Eugene’s Ad Hoc Committee on Police Policy met for the third time on Oct. 27 and finally began to make some progress toward policy recommendations for the city’s police department.

The committee–now formally abbreviated by the city as AHCPP–was off for three weeks as its members studied the various documents and policies regarding policing and oversight in the city, as well as the police union’s contract. Facilitators also put together a so-called “prioritization exercise” to help focus the committee members’ concerns on a handful of issues within the broader context of policing.

According to documents released by the city, committee members decided that the AHCPP’s top five priorities will be:

  • Limiting the use of force by EPD officers
  • Reforming the hiring and training practices of the EPD
  • Increasing community oversight
  • Expanding existing body camera policy
  • Implementing independent investigation and prosecution of police misconduct
A table showing the responses of members of the AHCPP regarding which specific EPD policies they would most like to address during the committee’s remaining time. 19 of the 30 members of the committee responded to the prioritization survey, though the responses were kept anonymous. (Screencap taken from city documents.)

These priorities were not independently determined by the members of the committee and, despite calls by some activists on the AHCPP, there was never an option for the committee to recommend defunding or abolishing the department. Instead, their options were derived from a broader list of policy platforms contained within Campaign Zero and former President Barack Obama’s Task Force on 21st Century Policing

But Campaign Zero–a data-driven project launched by activists DeRay McKesson, Johnetta Elzie, Samuel Sinyangwe, and Brittney Packnett following the 2014 uprising in Ferguson, MO–has already amended its recommendations on body cameras and bias trainings after research found that they were rarely effective in preventing police violence and brutality. Campaign Zero is also the force behind the “8 Can’t Wait” initiative, a campaign to reform police use of force guidelines that was quickly panned by researchers and activists.

“While minimizing harm is well-intentioned, movements like this inevitably breed complacency,” Olivia Murray wrote earlier this year in the Harvard Civil Rights-Civil Liberties Law Review. “Police reform campaigns like 8 Can’t Wait offer a much easier—albeit less effective—alternative to the radical change proposed by police abolitionists.”

Campaign Zero took many of its recommendations from the final report released by the 21st Century Policing task force, an 11-member panel of community activists, high-ranking police officials, and academics also formed in the wake of the Ferguson Uprising. The report was praised and touted by local, state, and federal law enforcement officials upon its release in 2015, but has not yet been widely implemented or seen its guidelines closely followed. EPD Chief Chris Skinner is a big fan of the so-called pillars of 21st century policing, rarely missing an opportunity to mention the phrase in interviews

In short, this attempt at meaningful police reform in Eugene is following playbooks that have yet to produce meaningful reform. 
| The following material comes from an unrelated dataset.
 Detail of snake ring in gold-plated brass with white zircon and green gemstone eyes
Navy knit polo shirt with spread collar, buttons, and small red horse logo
But the AHCPP is still far from making any recommendations to the Eugene City Council. In the month since it was convened for the first time, the biggest step the AHCPP has taken is creating a set of subcommittees to tackle their freshly prioritized issues. 

This has led some committee members to worry that they’ll need more time and testimony to do their work.
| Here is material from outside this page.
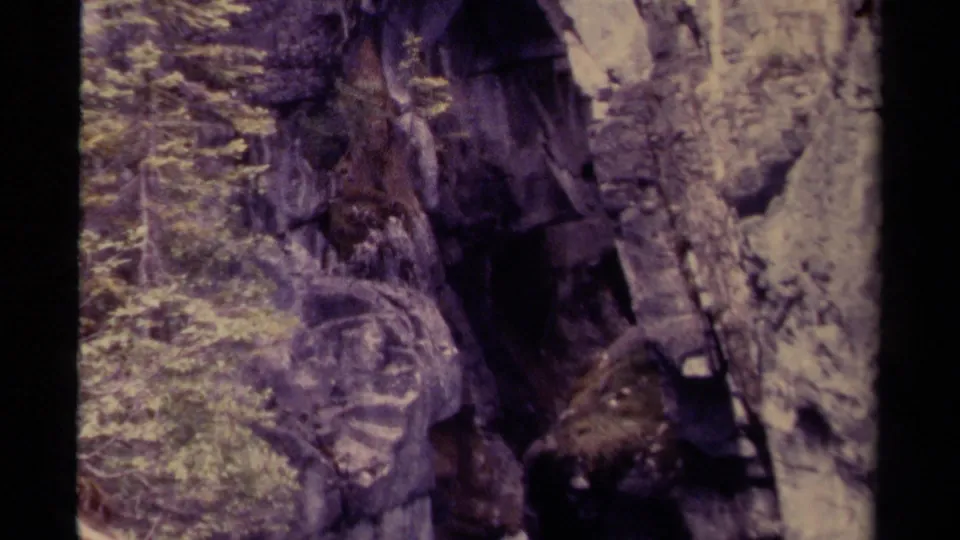 1979 Canadian home-movie frame with a dark cave-like opening, textured cliff wall, and evergreen growth nearby.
On Oct. 20, the Eugene Human Rights Commission passed a motion calling on the City Council to extend the AHCPP’s allotted time by three months. And the materials for the committee’s Oct. 27 meeting included a letter from Eugene/Springfield NAACP chapter President Ibrahim Coulibaly urging the AHCPP to consider testimony from citizens who have suffered at the hands of EPD officers.

“We find the voices of citizens to be a crucial factor in determining how to present changes in these procedures,” Coulibaly wrote. “We feel equally strongly that the citizen complainants be allowed to present their stories to each oversight committee in order to achieve more accurate results.”

This is the third of a ten-part series on the City of Eugene’s Police Policy Ad Hoc Council Committee. Double Sided Media will continue to cover the committee’s discussions throughout the fall and winter, concluding with an analysis of any and all recommendations made by the committee to the City Council. The committee’s next meeting is scheduled for November 10, 2020.